Records drawn from a dataset:
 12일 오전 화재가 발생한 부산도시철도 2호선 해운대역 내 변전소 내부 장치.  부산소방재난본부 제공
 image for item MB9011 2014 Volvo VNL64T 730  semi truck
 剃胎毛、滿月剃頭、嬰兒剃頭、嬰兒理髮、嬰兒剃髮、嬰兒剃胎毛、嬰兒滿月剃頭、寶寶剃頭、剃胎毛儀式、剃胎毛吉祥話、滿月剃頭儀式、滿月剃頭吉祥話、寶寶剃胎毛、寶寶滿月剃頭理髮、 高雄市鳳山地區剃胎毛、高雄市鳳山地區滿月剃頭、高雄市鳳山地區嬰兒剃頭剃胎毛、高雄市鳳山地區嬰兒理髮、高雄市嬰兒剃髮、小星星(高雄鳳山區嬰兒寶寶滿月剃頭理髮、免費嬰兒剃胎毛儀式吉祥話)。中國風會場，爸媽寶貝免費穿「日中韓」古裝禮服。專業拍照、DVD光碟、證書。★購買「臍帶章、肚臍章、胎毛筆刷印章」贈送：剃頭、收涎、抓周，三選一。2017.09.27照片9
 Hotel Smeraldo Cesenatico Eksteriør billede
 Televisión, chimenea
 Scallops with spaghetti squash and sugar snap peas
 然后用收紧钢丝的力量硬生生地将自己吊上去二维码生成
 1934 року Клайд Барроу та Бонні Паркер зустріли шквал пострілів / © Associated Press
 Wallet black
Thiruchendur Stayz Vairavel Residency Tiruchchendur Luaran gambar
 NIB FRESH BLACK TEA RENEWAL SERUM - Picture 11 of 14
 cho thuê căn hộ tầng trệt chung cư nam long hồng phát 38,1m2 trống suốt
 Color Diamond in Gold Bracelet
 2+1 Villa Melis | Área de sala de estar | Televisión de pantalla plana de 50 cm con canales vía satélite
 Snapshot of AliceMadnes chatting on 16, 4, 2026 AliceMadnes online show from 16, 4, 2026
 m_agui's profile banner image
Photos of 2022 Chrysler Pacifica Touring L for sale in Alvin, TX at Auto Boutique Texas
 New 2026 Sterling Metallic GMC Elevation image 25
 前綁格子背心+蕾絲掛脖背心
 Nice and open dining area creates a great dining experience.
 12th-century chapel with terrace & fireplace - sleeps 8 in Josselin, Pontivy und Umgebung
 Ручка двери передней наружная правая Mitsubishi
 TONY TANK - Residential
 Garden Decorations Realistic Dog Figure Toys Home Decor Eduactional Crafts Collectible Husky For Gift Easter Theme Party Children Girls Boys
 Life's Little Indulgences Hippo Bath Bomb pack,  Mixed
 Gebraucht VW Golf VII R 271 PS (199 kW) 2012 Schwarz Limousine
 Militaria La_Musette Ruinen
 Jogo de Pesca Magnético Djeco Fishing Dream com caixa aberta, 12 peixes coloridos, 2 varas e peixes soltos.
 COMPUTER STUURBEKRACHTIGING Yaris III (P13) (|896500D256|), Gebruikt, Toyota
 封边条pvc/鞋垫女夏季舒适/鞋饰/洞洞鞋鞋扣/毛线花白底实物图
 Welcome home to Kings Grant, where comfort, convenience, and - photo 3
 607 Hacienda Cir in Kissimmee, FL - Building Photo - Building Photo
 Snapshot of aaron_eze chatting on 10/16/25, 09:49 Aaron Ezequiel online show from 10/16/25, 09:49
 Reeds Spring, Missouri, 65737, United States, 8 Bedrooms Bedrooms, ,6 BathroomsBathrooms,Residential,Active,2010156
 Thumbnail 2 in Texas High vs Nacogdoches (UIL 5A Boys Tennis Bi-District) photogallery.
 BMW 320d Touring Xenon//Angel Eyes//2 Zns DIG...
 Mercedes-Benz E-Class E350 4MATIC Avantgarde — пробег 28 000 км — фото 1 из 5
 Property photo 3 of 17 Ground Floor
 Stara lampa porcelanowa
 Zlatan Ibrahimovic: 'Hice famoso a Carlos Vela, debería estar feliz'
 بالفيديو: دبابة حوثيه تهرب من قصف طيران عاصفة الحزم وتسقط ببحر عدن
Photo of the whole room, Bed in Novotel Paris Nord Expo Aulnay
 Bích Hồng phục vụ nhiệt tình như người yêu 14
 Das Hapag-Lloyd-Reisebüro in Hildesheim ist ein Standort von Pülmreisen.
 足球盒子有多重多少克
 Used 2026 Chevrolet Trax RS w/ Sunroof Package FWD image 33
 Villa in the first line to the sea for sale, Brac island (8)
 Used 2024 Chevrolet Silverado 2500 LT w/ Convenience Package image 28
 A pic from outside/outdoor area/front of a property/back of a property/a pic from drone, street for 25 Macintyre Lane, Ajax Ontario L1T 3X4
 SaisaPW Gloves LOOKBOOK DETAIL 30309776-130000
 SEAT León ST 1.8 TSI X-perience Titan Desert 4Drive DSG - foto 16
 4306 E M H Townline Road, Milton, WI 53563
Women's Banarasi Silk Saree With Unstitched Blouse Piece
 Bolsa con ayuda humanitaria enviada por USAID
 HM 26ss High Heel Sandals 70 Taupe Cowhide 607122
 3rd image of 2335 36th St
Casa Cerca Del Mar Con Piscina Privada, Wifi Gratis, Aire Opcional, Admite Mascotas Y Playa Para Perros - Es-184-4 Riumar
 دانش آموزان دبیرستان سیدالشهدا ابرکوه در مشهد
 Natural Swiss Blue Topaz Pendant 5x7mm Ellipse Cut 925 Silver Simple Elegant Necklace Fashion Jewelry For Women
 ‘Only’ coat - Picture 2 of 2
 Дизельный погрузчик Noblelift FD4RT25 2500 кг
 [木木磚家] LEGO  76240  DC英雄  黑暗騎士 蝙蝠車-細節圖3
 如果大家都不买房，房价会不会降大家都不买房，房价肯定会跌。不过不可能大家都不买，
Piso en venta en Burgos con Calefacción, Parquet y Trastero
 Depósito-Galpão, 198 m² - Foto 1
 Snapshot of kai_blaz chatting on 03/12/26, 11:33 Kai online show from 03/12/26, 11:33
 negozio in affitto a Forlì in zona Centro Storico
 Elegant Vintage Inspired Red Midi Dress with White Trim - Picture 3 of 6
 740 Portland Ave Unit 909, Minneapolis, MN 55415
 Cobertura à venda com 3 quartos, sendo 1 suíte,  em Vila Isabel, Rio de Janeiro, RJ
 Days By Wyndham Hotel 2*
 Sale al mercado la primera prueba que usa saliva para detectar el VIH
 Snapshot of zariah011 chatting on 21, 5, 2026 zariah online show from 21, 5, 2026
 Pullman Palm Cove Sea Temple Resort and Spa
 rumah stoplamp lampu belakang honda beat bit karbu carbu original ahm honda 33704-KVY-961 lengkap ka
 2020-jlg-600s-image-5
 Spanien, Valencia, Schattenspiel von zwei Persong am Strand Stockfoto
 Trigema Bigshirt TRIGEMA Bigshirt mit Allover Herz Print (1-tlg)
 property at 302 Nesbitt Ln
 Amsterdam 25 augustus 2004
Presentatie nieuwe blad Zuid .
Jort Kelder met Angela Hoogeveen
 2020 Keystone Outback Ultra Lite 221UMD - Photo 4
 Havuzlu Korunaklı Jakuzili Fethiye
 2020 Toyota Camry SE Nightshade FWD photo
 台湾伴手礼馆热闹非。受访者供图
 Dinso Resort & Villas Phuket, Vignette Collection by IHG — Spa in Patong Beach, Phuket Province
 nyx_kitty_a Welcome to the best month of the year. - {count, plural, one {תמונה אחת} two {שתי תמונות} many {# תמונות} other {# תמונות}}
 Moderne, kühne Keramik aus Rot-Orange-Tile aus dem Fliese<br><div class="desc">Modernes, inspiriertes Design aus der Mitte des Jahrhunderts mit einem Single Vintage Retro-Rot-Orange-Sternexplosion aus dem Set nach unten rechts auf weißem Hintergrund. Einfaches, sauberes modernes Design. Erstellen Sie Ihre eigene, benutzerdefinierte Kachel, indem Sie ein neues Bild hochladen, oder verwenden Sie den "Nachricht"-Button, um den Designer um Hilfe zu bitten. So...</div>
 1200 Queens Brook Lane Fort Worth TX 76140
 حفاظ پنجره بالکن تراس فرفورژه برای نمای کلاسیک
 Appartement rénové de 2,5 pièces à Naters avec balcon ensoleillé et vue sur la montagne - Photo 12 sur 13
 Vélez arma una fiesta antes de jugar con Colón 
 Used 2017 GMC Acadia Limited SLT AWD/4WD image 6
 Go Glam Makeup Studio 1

> **ASSIGNMENT**: Among the lines above, find the ones containing "Chevrolet" and copy them.

> **SOLUTION FOR THIS PROBLEM**:
 Used 2026 Chevrolet Trax RS w/ Sunroof Package FWD image 33
 Used 2024 Chevrolet Silverado 2500 LT w/ Convenience Package image 28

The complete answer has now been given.